Yanagawa T
Environ Health Perspect. 1979 Oct;32:143-56. doi: 10.1289/ehp.7932143.
Identification of confounding factors, evaluation of their influence on cause-effect associations, and the introduction of appropriate ways to account for these factors are important considerations in designing case-control studies. This paper presents designs useful for these purposes, after first providing a statistical definition of a confounding factor. Differences in the ability to identify and evaluate confounding factors and estimate disease risk between designs employing stratification (matching) and designs randomly sampling cases and controls are noted.
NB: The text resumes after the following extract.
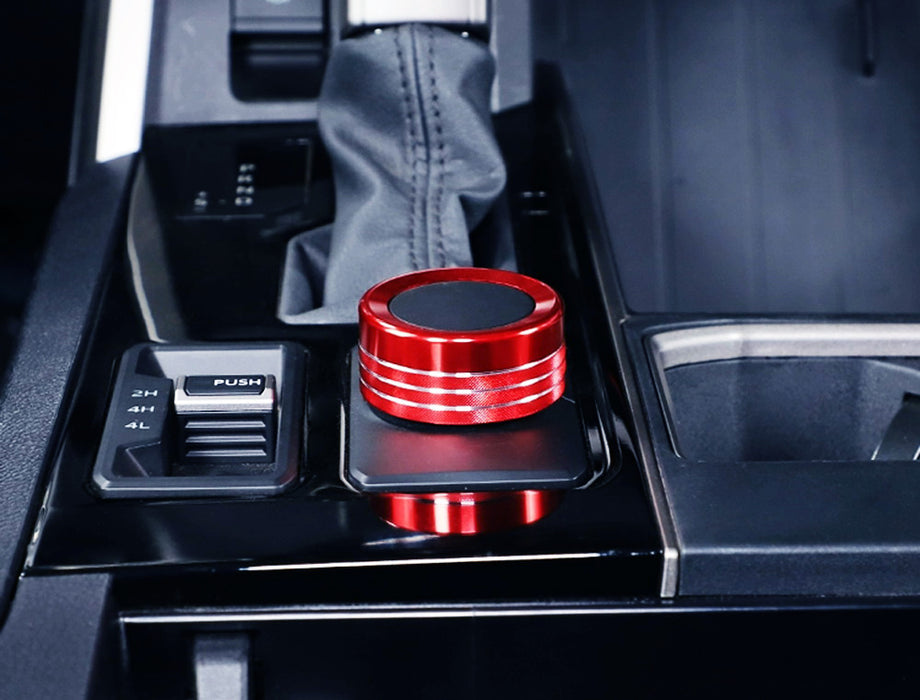 (2) TRD Red Driving Mode & Volume Knob Covers For 22-up Tundra/Sequoia 8" Screen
Linear logistic models for the analysis of data from such designs are described and are shown to liberalize design requirements and to increase relative risk estimation efficiency. The methods are applied to data from a multiple factor investigation of lung cancer patients and controls.
识别混杂因素、评估其对因果关联的影响以及引入适当的方法来处理这些因素,是设计病例对照研究时的重要考量。本文在首先给出混杂因素的统计学定义之后,介绍了适用于这些目的的设计。文中指出了采用分层(匹配)设计与随机抽样病例和对照的设计在识别和评估混杂因素以及估计疾病风险能力上的差异。描述了用于分析此类设计数据的线性逻辑模型,该模型放宽了设计要求并提高了相对风险估计效率。这些方法应用于肺癌患者和对照的多因素调查数据。